Fuller Theological Seminary is facing a Title IX lawsuit from a former student, whom Fuller had expelled for entering into a civil same-sex marriage. Title IX prohibits discrimination on the basis of sex at any institution of higher education receiving federal funding. As I have noted before at First Things, this law does allow exemptions for religious institutions, but such exemptions are becoming increasingly tenuous. And despite the Trump administration rescinding the infamous “Dear Colleague” letter by which the Obama administration sought to expand Title IX to cover transgender people, the elasticity of the legislation in our current climate renders it the left’s equivalent of Batman’s all-purpose utility belt.
Such a case was bound to happen at some point. Civic piety and Christian piety in the realm of sexual mores and identity are increasingly antithetical to each other. Not since perhaps the middle of the third century have those things that constitute good citizenship of the earthly and the heavenly cities been so difficult to reconcile. It is ironic, perhaps, that Fuller could be the seminary test case for this. Anyone familiar with the history of the institution from the work of George Marsden or Rudolph Nelson will know that it has long been a byword in conservative evangelical circles for theological compromise. But in the seminary world, cultural relevance is a cruel, demanding, and insatiable mistress. Too much will never be enough.
The problem seminaries face is government money. Involvement in federal loan schemes for students brings responsibilities under Title IX. A defense under the First Amendment might be arguable but past legal precedents have drawn a tight connection between government money and public accommodations. And if a seminary is deemed a public accommodation, the First Amendment becomes an enemy, not a friend, as the idea of imposing a narrow confessional stand on staff and students becomes a restriction of freedom of speech and a confusion of church and state.
The other matter which could prove problematic is that of confessional consistency. If I were the lawyer suing a seminary for expelling a student for entering into a same-sex marriage, I would want to see how consistently the institution had applied its beliefs across the organization. Are there students or staff or faculty who have divorced in a manner that contradicts Christian teaching and yet remained in good standing with the school? To single out same-sex spouses while ignoring the adulterer who divorces and remarries would seem inconsistent with biblical teaching and liable to render any action against a select group vulnerable to the charge of hypocrisy. The Roman Catholic Church is the most obvious example here: Though her stated stand on sexual morality is correct, how she handled child abuse over many decades has damaged her moral authority to speak on the issue.

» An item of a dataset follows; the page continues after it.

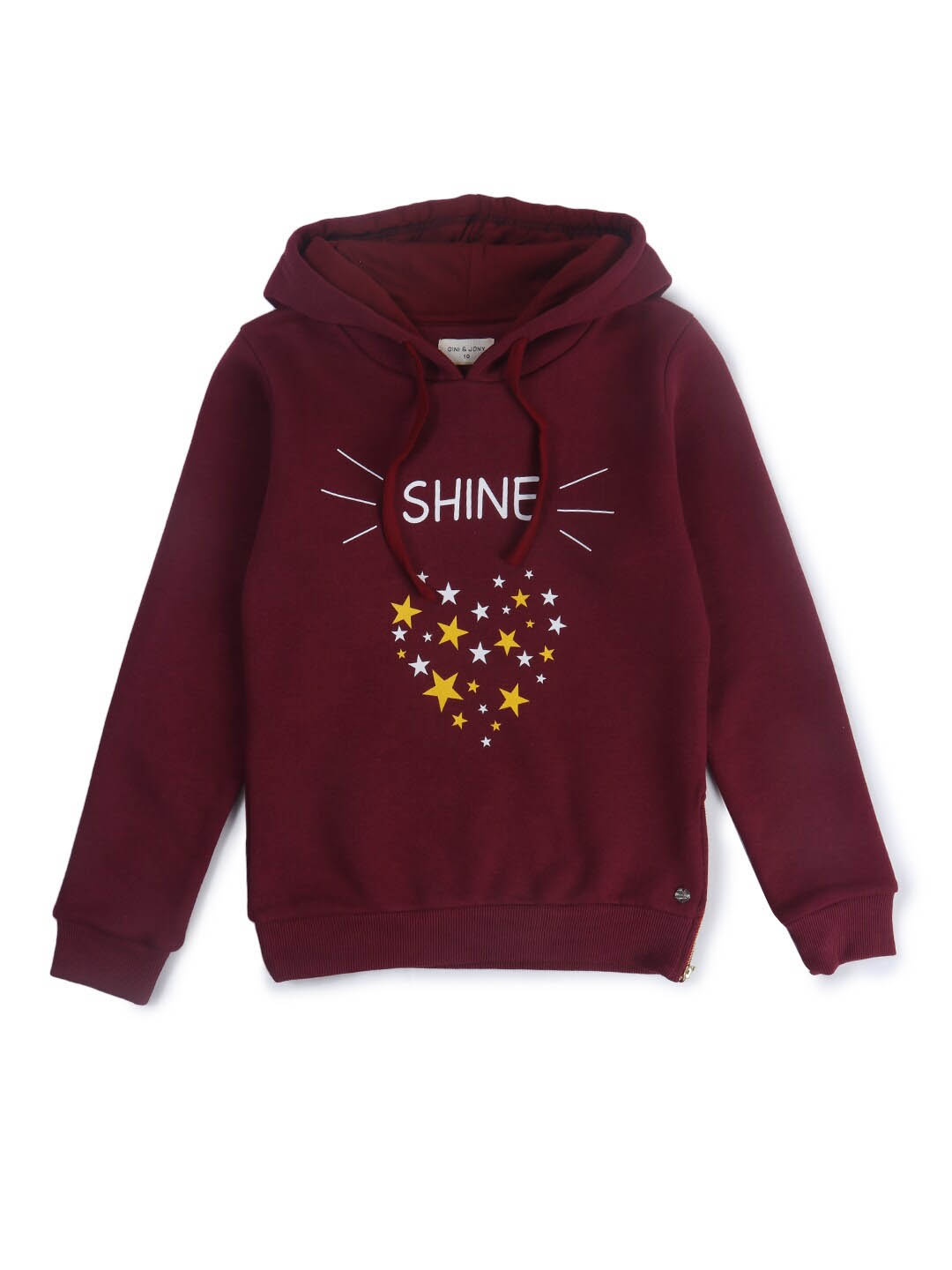 

Gini and Jony Girls Printed Hooded Cotton Sweatshirt, Maroon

Institutions must not let the world’s obsession with LGBTQ matters distort their own concern for the whole counsel of God. We can be sure that lawyers who sue will be concerned with the whole counsel of God, if only in an attempt to expose moves like Fuller’s as selective and homophobic. Consistency is wise from a legal perspective and imperative from a religious perspective. I recently heard that a seminary knowingly readmitted a man from a wealthy donor family whose wife had divorced him for domestic abuse. If true, such a move surely invalidates any claims such a place might make in the future about having a high view of marriage or upholding Christian values.
Then there are the other aspects of the Christian faith which such places claim to defend. If a Christian institution tolerates or even encourages malicious slander and bullying among staff and students, then it contradicts its stated purpose of cultivating men and women of Christian character for service in the church. And if it applies one set of rules to the Untermenschen in the student body or staff and another to the scions of wealthy donor families and the favored few, then, quite frankly, it deserves to be sued.

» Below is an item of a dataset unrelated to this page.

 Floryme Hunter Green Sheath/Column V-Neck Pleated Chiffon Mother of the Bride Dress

Sadly, Christian institutions will likely respond to the Fuller case by moving into defensive mode, crying “First Amendment!” and putting lawyers on speed-dial. If that is all that happens, then that reaction in itself will speak eloquently of the moral tenor of such places. For the first reaction should be one of serious and prolonged institutional heart-searching and, where necessary, of true repentance and change.
I hope that Fuller wins its case, for the sake of religious institutions across the United States. But I hope that it does so because it proves itself to have been consistent in applying its stated beliefs and ethics to its constituency as a whole—from the top to the bottom of the institution, from the wealthiest donor to the poorest scholarship student. Religious freedom allows us to be consistent in our beliefs and practices in every area of our lives, even when those beliefs and practices meet with the disapproval of society at large. It is not a tool to provide cover for us when we wish to protect our wickedness and hypocrisy from appropriate public scrutiny.
Carl R. Trueman is a professor in the Calderwood School of Arts and Humanities at Grove City College, Pa., and Senior Fellow at the Institute for Faith and Freedom.